Bila benar definisi itu yang dimaksud, maka sejak tahun lalu Menteri Pendidikan dan Kebudayaan (Mendikbud) Muhadjir Effendy menyatakan, tidak boleh lagi ada sekolah favorit atau tidak favorit dalam Penerimaan Peserta Didik Baru (PPDB) 2017. ”Tidak boleh ada satu pun siswa yang tidak mendapatkan bagian kursi, tidak boleh lagi ada sekolah yang favorit atau tidak. Semua harus dibikin semerata mungkin, karena program kita ini adalah program pemerataan pendidikan yang berkualitas,” kata Muhadjir di Surabaya, Minggu 9 Juli 2017.
Sampai saat ini pernyataan Mendikbud ini belum dicabut. Artinya, masih relevan untuk dijadikan dasar kebijakan dalam PPDB tahun 2018 ini.
Lalu pertanyaanya apa yang salah dengan ide perlunya jalur khusus sekolah favorit? Mari kita simak bersama:
Pertama, mengacu kepada Undang Undang Republik Indonesia Nomor 20 Tahun 2003 Tentang Sistem Pendidikan Nasional (Sisdiknas), tak satupun dijumpai istilah Sekolah Favorit ataupun Non Favorit. Dari sisi yuridis formal kita harus terlebih dahulu memahami makna dari UU tentang Sisdiknas ini agar terhindar dari mispersepsi dan misunderstanding tentang klasifikasi sekolah.
Apalagi, sampai melontarkan gagasan keberpihakan yang landasan hukumnya tidak jelas. Mungkin baik secara itikad. Tapi tidak baik secara aturan. Pernyataan perlu adanya jalur khusus sekolah favorit yang inputnya adalah siswa dari kalangan berada, bukan saja nyeleneh. Tapi juga bias dari UU tentang Sisdiknas. Lebih dari itu akan menimbulkan masalah kompleks dan saling berkaitan di masyarakat.

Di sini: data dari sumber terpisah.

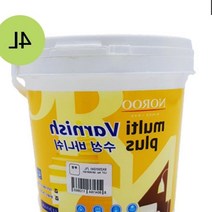 멀티플러스 수성바니쉬 목재용 투명 무광 4L 수성 목공용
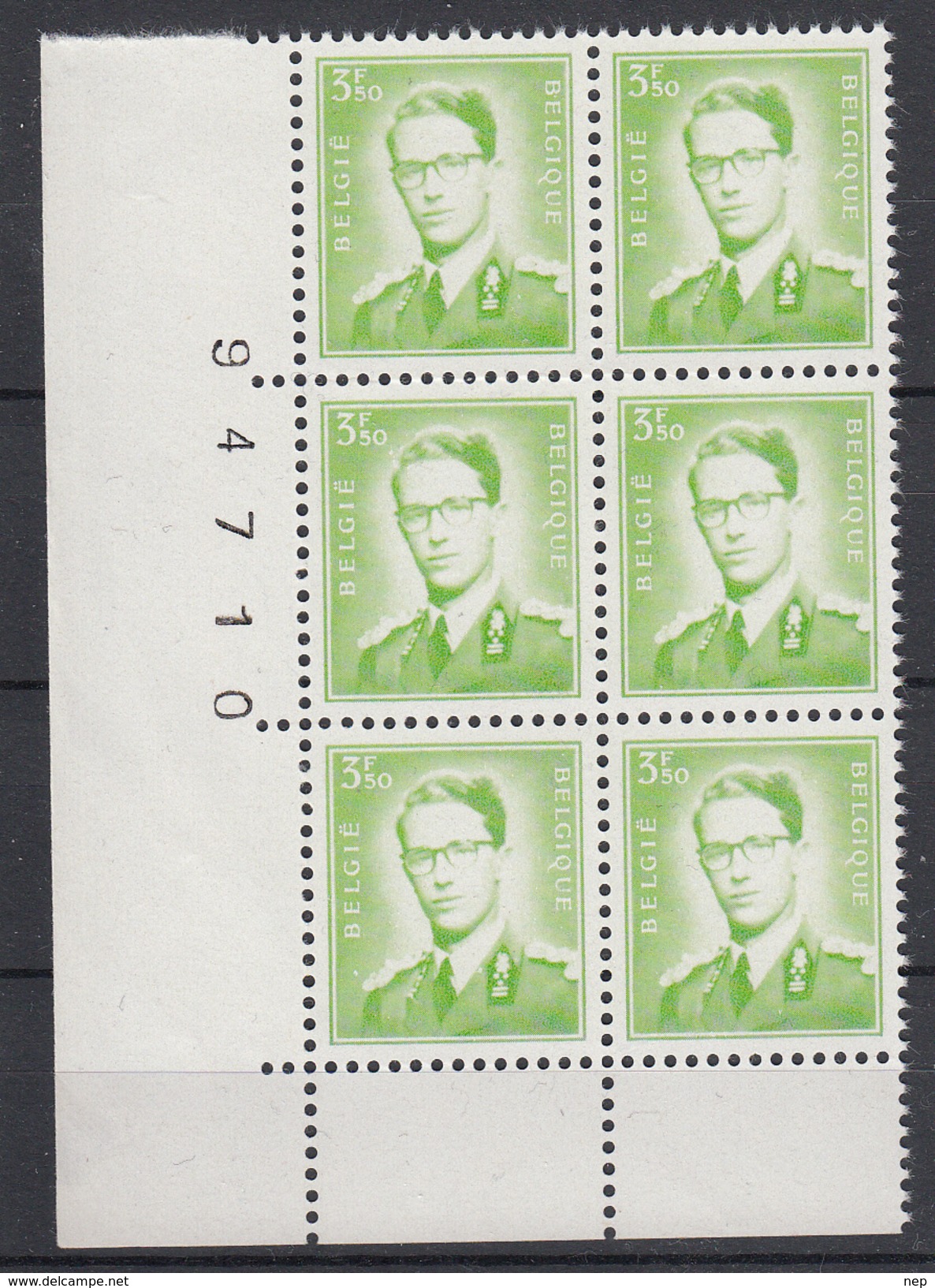 BELGIË - OBP - 1958 - Nr 1068B P3 (20 1/2x 24) - MNH** - 1953-1972 Lunettes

Bahkan, sangat mungkin masyarakat akan digiring pada pemikiran bahwa proses pendidikan (sekolah favorit) itu adalah, proses yang dilandasi pada ketersediaan ’’materi”. Sehingga, dengan jalur khusus ini praksis pendidikan (bermutu) bisa dibeli. Ujung-ujungnya komersialisasi pendidikan semakin mendapat pembenarannya. Bila kondisi demikian yang dimaksud, maka sadar atau tidak sadar kita telah membuat pernyataan tentang upaya melestarikan kesenjangan dalam praksis pendidikan dewasa ini. Membuka jalur khusus sekolah favorit, adalah suatu bentuk kesenjangan yang dilestarikan.